Talkin’ Greenwich Village: The Heady Rise and Slow Fall of America’s Bohemian Music Capital
Tuesday, November 19, 2024
6 PM
Jefferson Market Library
In person
Free
Pre-registration required

Join us for a book talk with author David Browne to discuss his new book, Talkin’ Greenwich Village: The Heady Rise and Slow Fall of America’s Bohemian Music Capital in conversation with Stephen Petrus.
Talkin’ Greenwich Village is the first panoramic history of a now-mythical music community. David Browne’s connection to the scene dates back to his days as a college student at NYU. For this book, he interviewed more than 150 people associated with the scene, including such legendary musicians from its earliest days as Judy Collins, Herbie Hancock, Tom Paxton, Sonny Rollins, and John Sebastian, to those who emerged during its last great era of music in the neighborhood, including Suzanne Vega, Shawn Colvin, Terre, Suzzy Roche, Steve Forbert, and actor/musician Christopher Guest.

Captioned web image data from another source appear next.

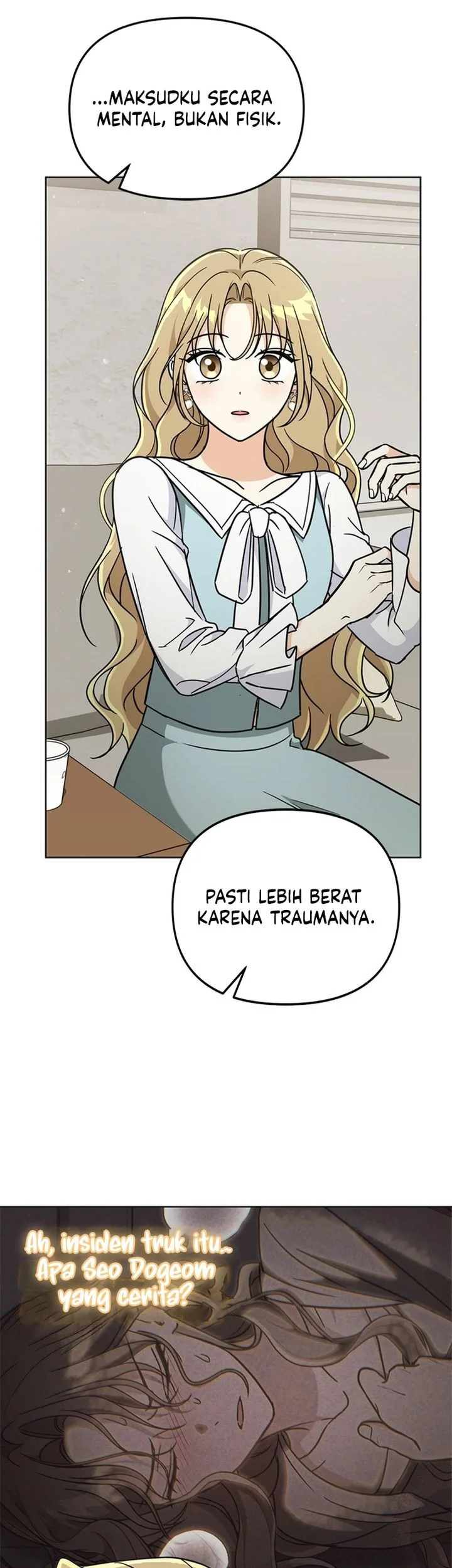 Chapter 18 - halaman 37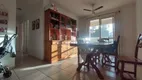 Foto 3 de Apartamento com 3 Quartos à venda, 66m² em Parque Industrial Lagoinha, Ribeirão Preto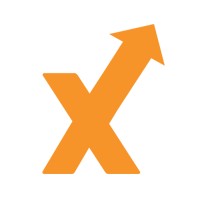 Excedor IT Risk Consulting logo - Similar company to Rayalasoft Solutions Ltd
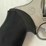 taurus-tracker-22mag-revolver-image-7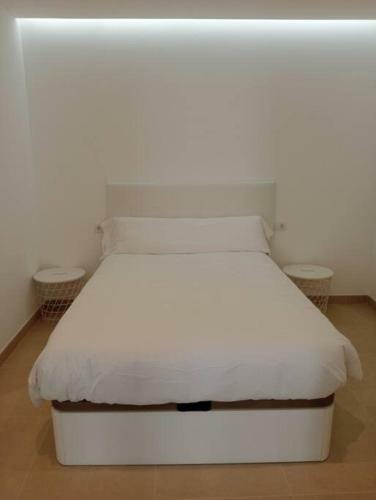 Apartamento Tras Dos Fornos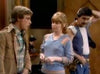 Mark Hamill on a 1976 episode of One Day at a Time. This episode is available on a complation DVD from RewatchClassicTV.com along with 3 other of Mark's TV appearances.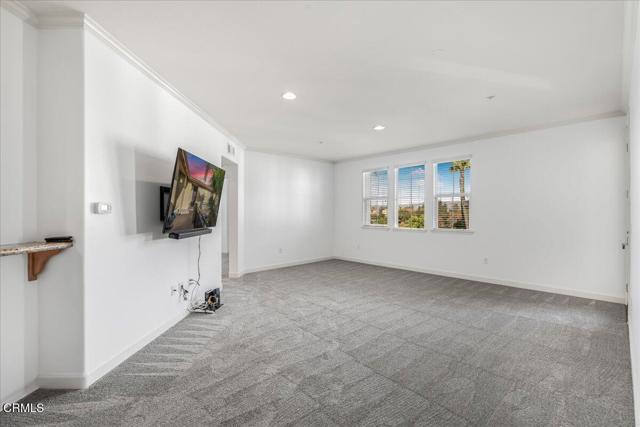 Photo - 259 Riverdale Ct Unit 263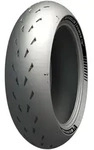 MICHELIN Reifen POWER CUP 2 190/55 ZR 17 M/C (75W) TL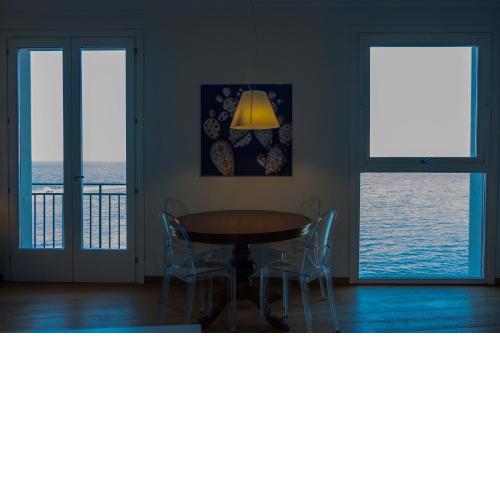 A Casa di Clara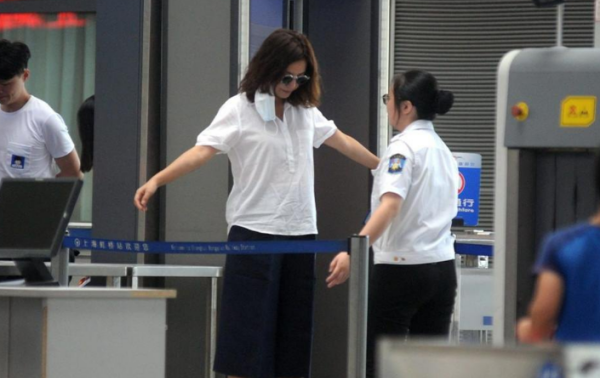 充电电动牙刷托运还是登机,电动牙刷坐飞机托运还是随身携带图4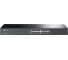 Неуправляемый коммутатор TP-Link 16x100Mb TL-SF1016 1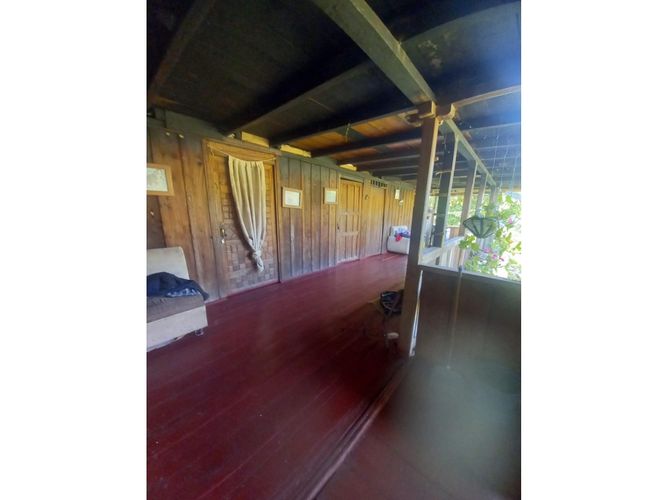 Finca en venta en Tenerife, Palmira, 200 m² · foto 7 de 24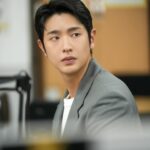 Lee Jung-jun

A Miloš Forman Tribute — A Screening of His Film Debut, and Conversation with His Writers and Actors
Wednesday, November 20, 2024
6 PM +
Friday, November 22, 2024
7:30 PM
Anthology Film Archives
In-person
Pre-registration required
$20, $15 for VP and Anthology members

Co-Sponsored by Anthology Film Archives
In this tribute to acclaimed filmmaker Miloš Forman, who passed away in 2018, Village Preservation and Anthology Film Archives will host special screenings of Forman’s rarely seen American debut and one of his greatest films, Taking Off (1971). Presented in collaboration with actor Miles Chapin, who appeared in Forman’s The People vs. Larry Flynt (1996) and Man on the Moon (1999), the first screening, on Wednesday, November 20, will begin with a conversation between Chapin, the great playwright John Guare (who co-wrote Taking Off), and other special guests!
PLEASE NOTE: When registering, you will receive a confirmation from Anthology Film, NOT Village Preservation. Thank you!

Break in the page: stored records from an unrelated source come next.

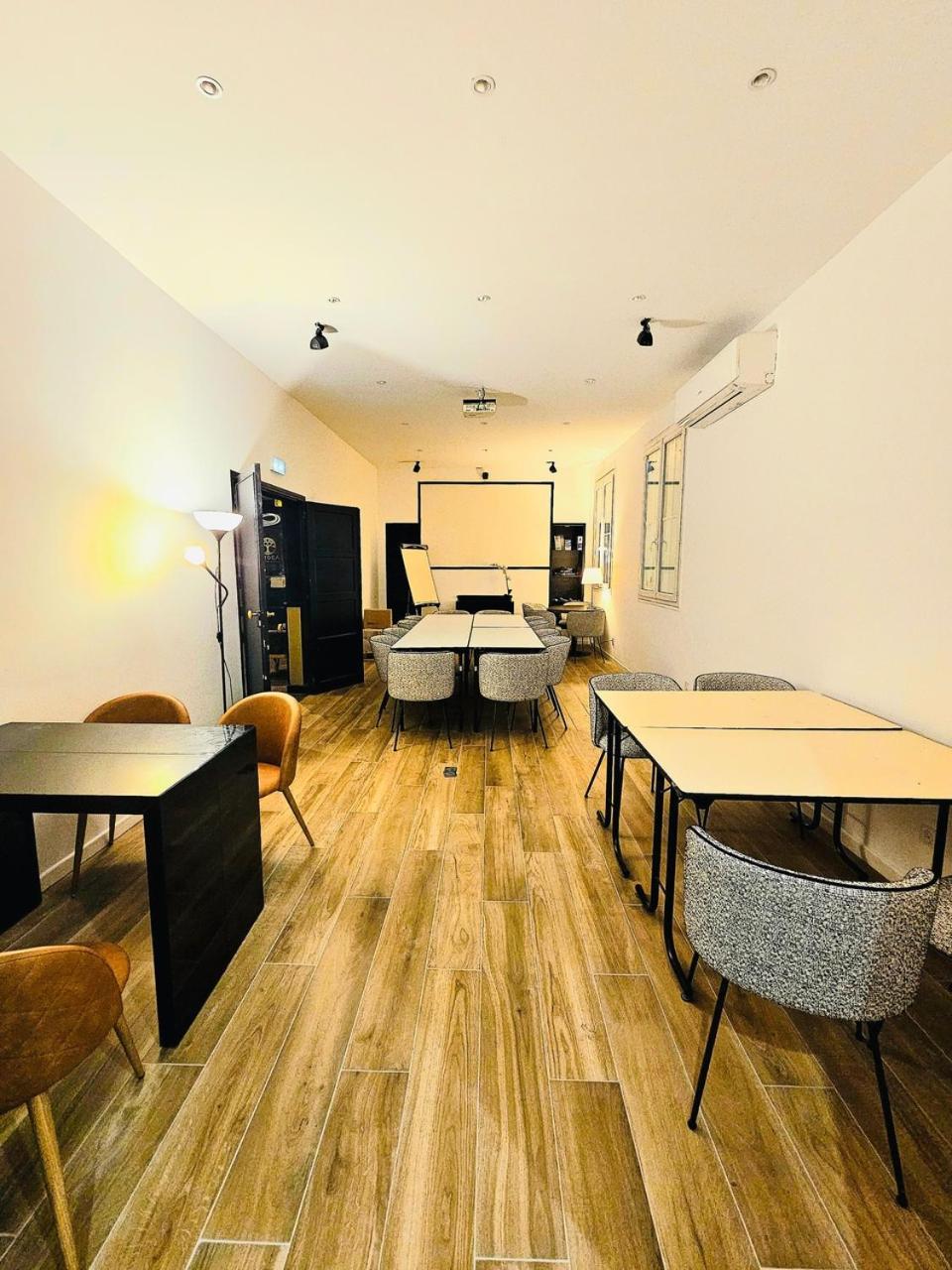 Adonis Sanary Grand Hôtel des Bains Exterior foto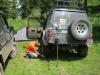 saygonosh-16-20-11_0000143_t1.jpg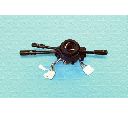 Comutator coloana directie MAGNETI MARELLI 000043038010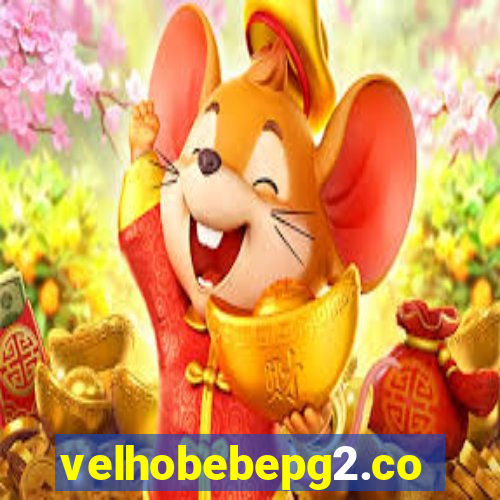 velhobebepg2.com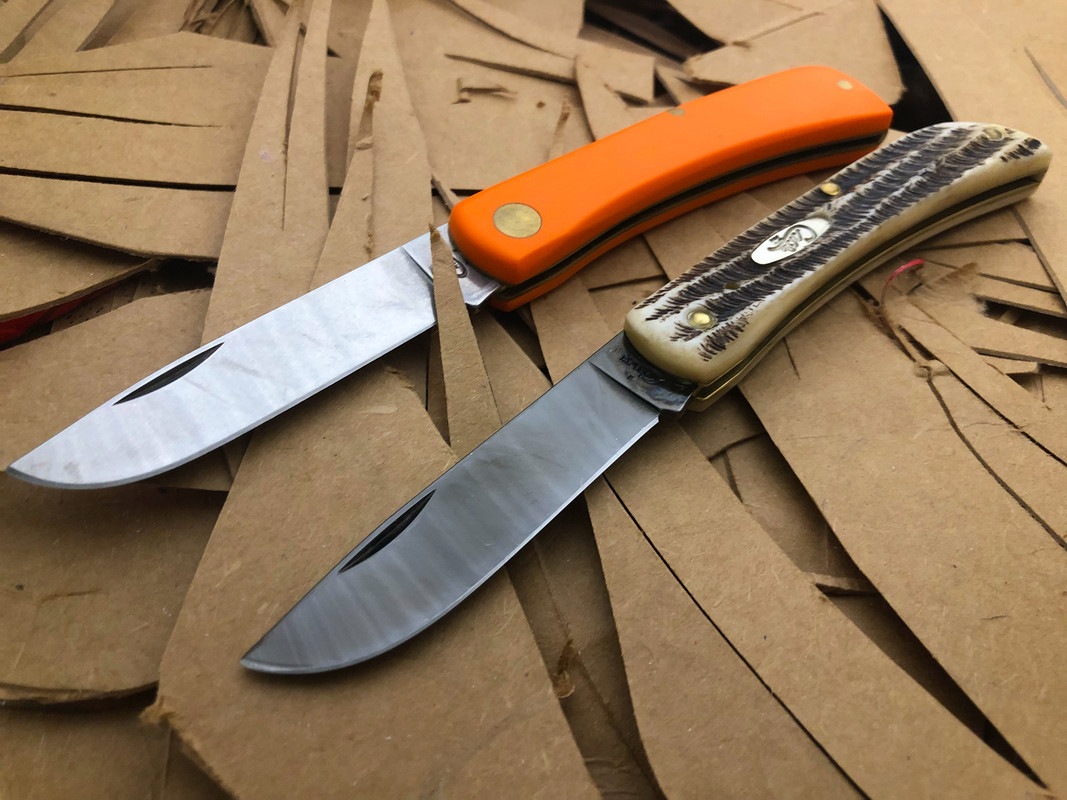 F679D4FE-2D8D-47DF-92FE-64418B1BA1DA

Getting Past “Yes”: Disentangling the Relationship Between Housing Supply and Affordability
Monday, November 25, 2024
6 PM
Zoom webinar
Free
Pre-registration required

The Adams Administration is trying to change the city’s zoning rules in an ostensible effort to address the city’s affordable housing crisis. Its proposal, “City of Yes for Housing Opportunity,” currently under public review, constitutes a far-ranging upzoning aimed at stimulating the construction of market-rate housing. Critics of the plan point out that post-upzoning development tends to increase housing costs. The city, however, insists that academic research concludes the opposite and that the example of cities like Austin and Minneapolis support the fundamental logic of the City of Yes approach.
This panel, hosted by Village Preservation Special Projects Director Juan Rivero and consisting of planning and housing scholars with expertise in the residential markets of Austin, Minneapolis, and New York City, will consider the city’s contention, in view of empirical evidence about the relation between market rate housing supply and housing costs.

Historic Preservation: Past and Future: Andrew Berman in conversation with Carl Raymond
Tuesday, November 26, 2024
6:30 PM
Skylight Gallery at Salmagundi Club
In person
Free
Pre-registration required

Co-sponsored by: Salmagundi Club, Coffee House Club, and Merchant’s House Museum
Andrew Berman, Executive Director of Village Preservation, will be joined in conversation by Carl Raymond, host of The Gilded Gentleman history podcast. Andrew will discuss his career in historic preservation over the past 22 years. He will share several case studies of projects that have met with success as well as challenges in the preservation of Greenwich Village, the East Village, and NoHo. In addition, Andrew will discuss some of the issues facing historic preservation in the current environment, as well as some simple yet deeply powerful actions passionate local preservationists can do to make a difference.